*Your instructions*. Output each of the entries exactly, skipping every picture they contain.
== Segment start ==
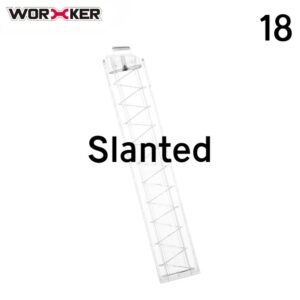 Worker 18-Dart *SLANTED* Magazine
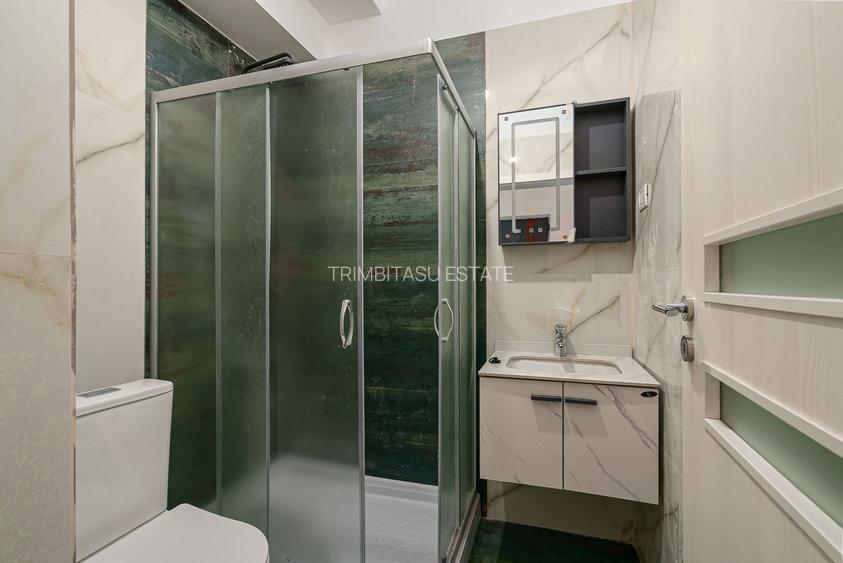 Apart 3 camere 80mp Titan Grigorescu vizavi noul Lidl Bloc 2023 - 19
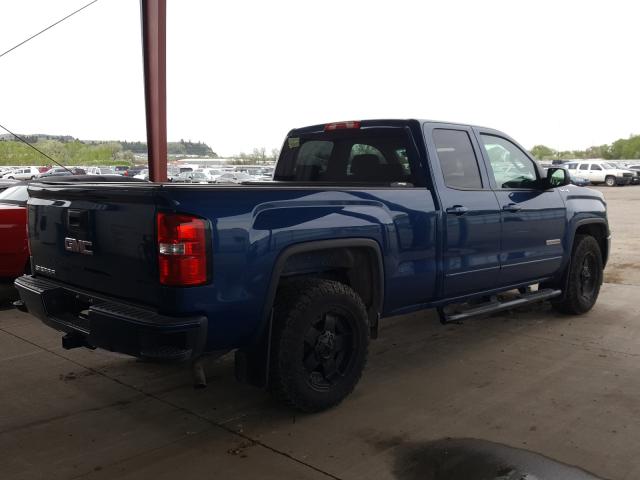 Photo 3 VIN: 1GTV2LEC5JZ101567 - GMC SIERRA K15 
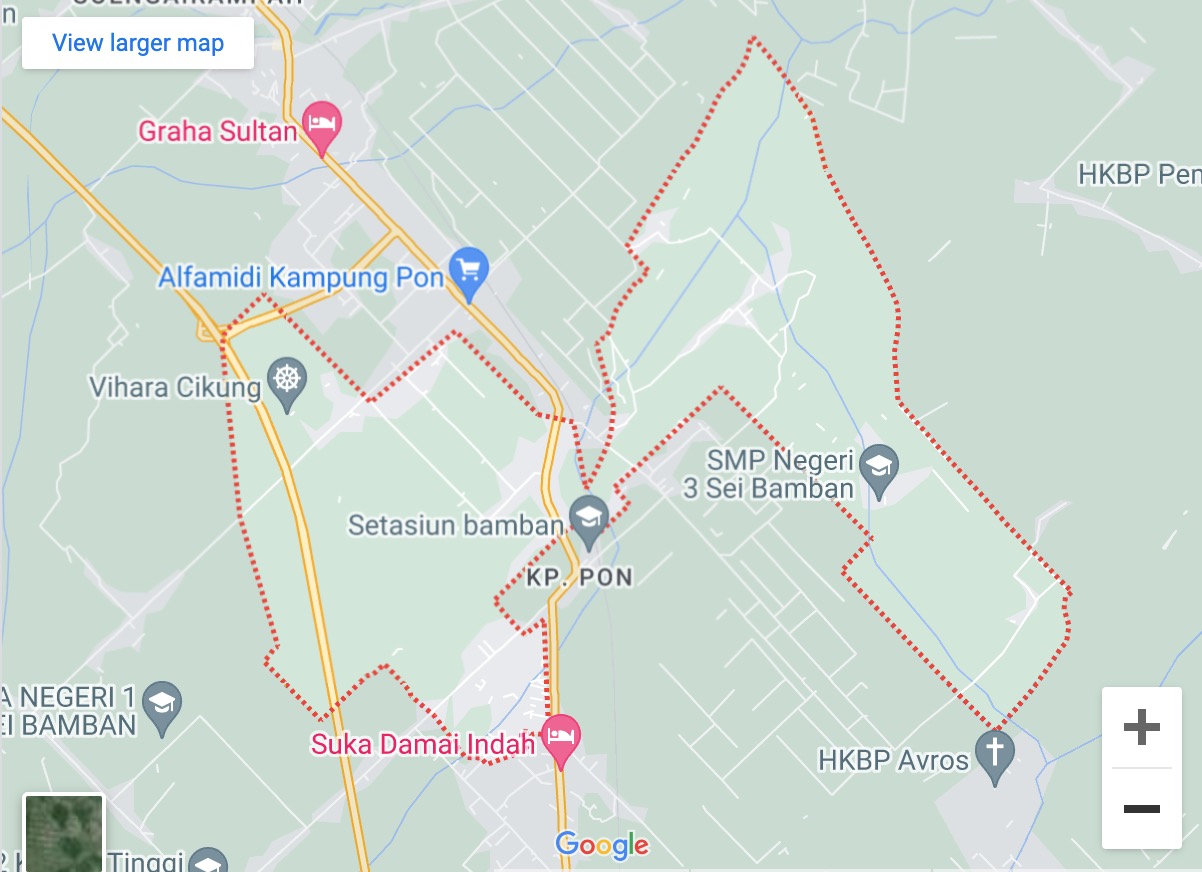 Undangan Pernikahan Digital Jl. Sriwijaya No.9, Petisah Hulu, Kec. Medan Baru, Kota Medan, Sumatera Utara 20153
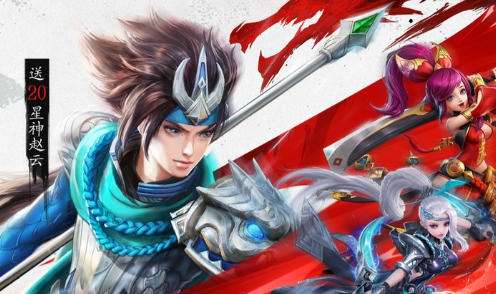 超变变态版手游版本合集 超变专属免费福利版游戏大全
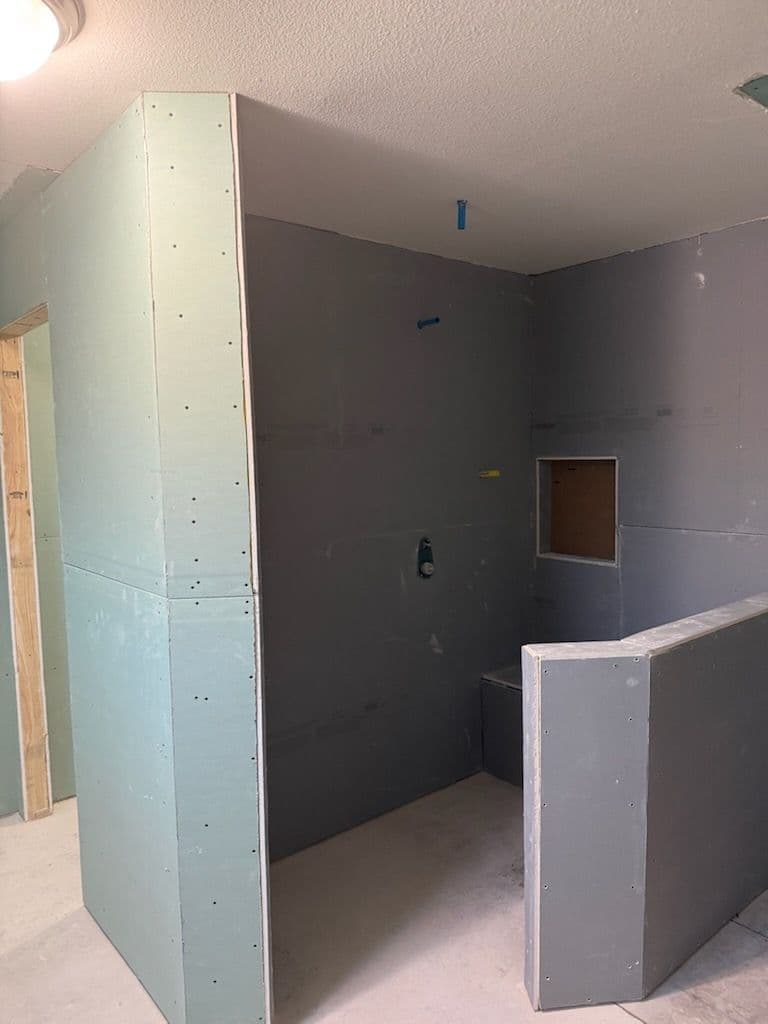 Gallery photos for Stunning Bathroom Upgrade Unveiled: Image #3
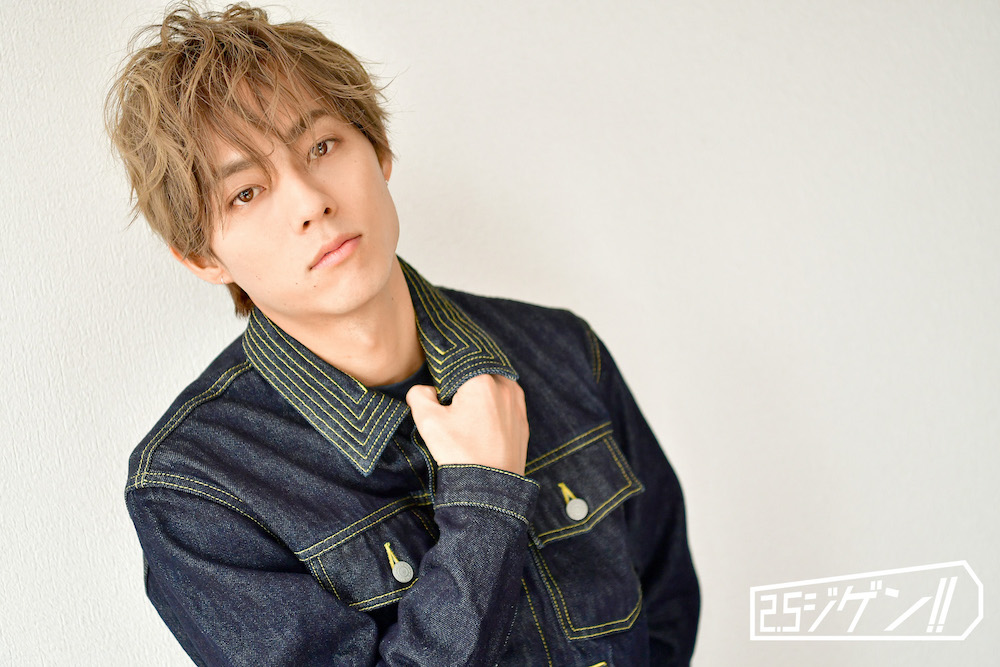 演劇「ハイキュー!!」永田崇人＆近藤頌利　作品への感謝、築き上げた絆… イメージ画像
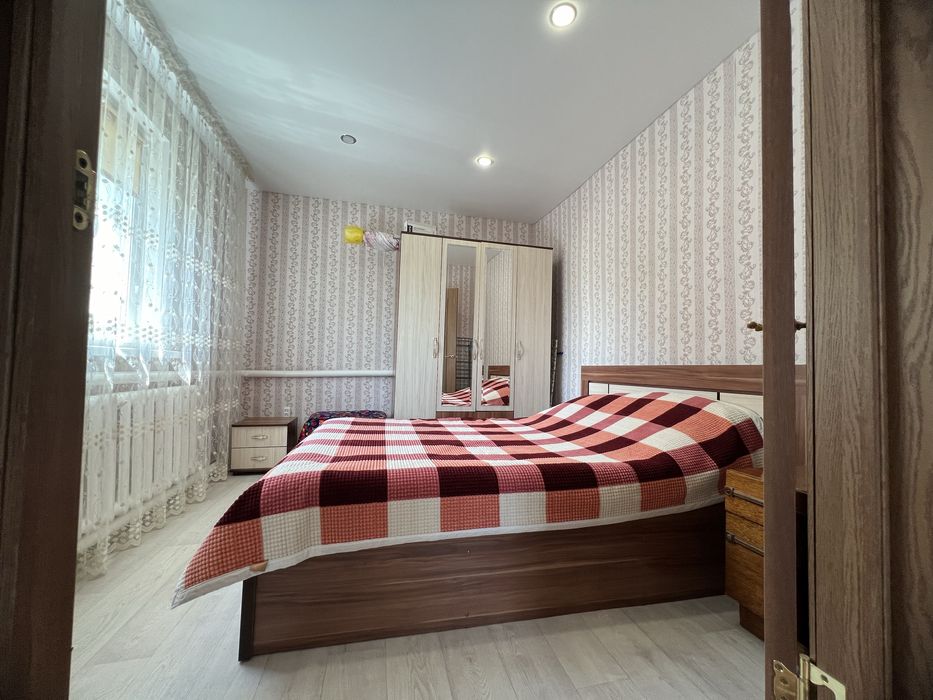 Частный загородный дом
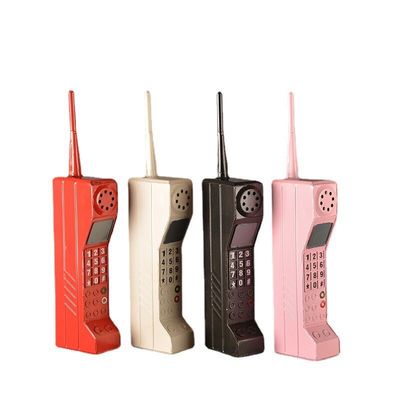 模型道具摄影道具装饰品大哥大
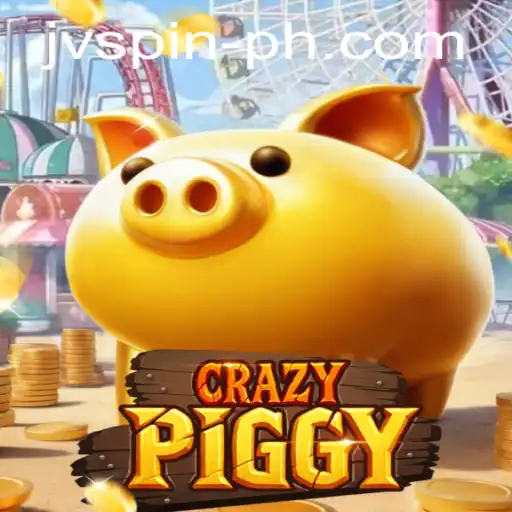 Exploring the Thrills of CrazyPiggy: A Deep Dive into JVSPIN BET's Latest Game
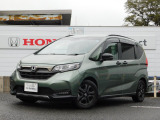 ☆2024年式フリードハイブリッド・クロスター・ブラックスタイル禁煙1オーナー車入荷致しました!★見積・商談ご予約は(代)04-7181-8220までお問合せください♪県外登録もお任せください!
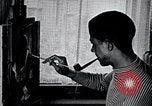Image of African American artists United States USA, 1937, second 28 stock footage video 65675032255
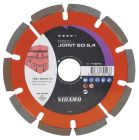 DISQUE DIAMANT PRO JOINT SD D. 125 x 6,4 x 22,23 x h 7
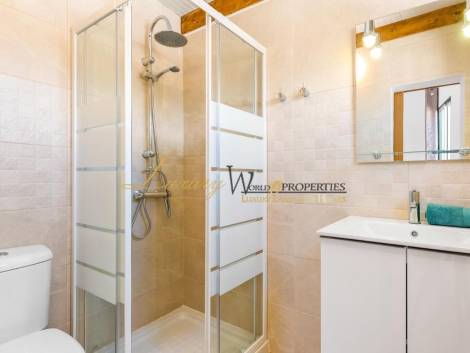 Villa for sale in  Santiago del Teide, Spain - LWP4935 Casa en Las Manchas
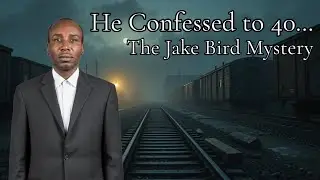 Jake Bird: The Shadow Nomad &mdash; Secrets of a Forgotten Serial Killer | Deep Dive Truth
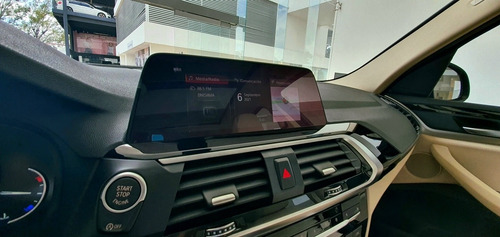 Imagen 7 de 15 de Bmw X3 Sdrive20i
== Segment end ==
*Your solution*.
 Worker 18-Dart *SLANTED* Magazine
 Apart 3 camere 80mp Titan Grigorescu vizavi noul Lidl Bloc 2023 - 19
 Photo 3 VIN: 1GTV2LEC5JZ101567 - GMC SIERRA K15 
 Undangan Pernikahan Digital Jl. Sriwijaya No.9, Petisah Hulu, Kec. Medan Baru, Kota Medan, Sumatera Utara 20153
 超变变态版手游版本合集 超变专属免费福利版游戏大全
 Gallery photos for Stunning Bathroom Upgrade Unveiled: Image #3
 演劇「ハイキュー!!」永田崇人＆近藤頌利　作品への感謝、築き上げた絆… イメージ画像
 Частный загородный дом
 模型道具摄影道具装饰品大哥大
 Exploring the Thrills of CrazyPiggy: A Deep Dive into JVSPIN BET's Latest Game
 ☆2024年式フリードハイブリッド・クロスター・ブラックスタイル禁煙1オーナー車入荷致しました!★見積・商談ご予約は(代)04-7181-8220までお問合せください♪県外登録もお任せください!
Image of African American artists United States USA, 1937, second 28 stock footage video 65675032255
 DISQUE DIAMANT PRO JOINT SD D. 125 x 6,4 x 22,23 x h 7
 Villa for sale in  Santiago del Teide, Spain - LWP4935 Casa en Las Manchas
 Jake Bird: The Shadow Nomad &mdash; Secrets of a Forgotten Serial Killer | Deep Dive Truth
 Imagen 7 de 15 de Bmw X3 Sdrive20i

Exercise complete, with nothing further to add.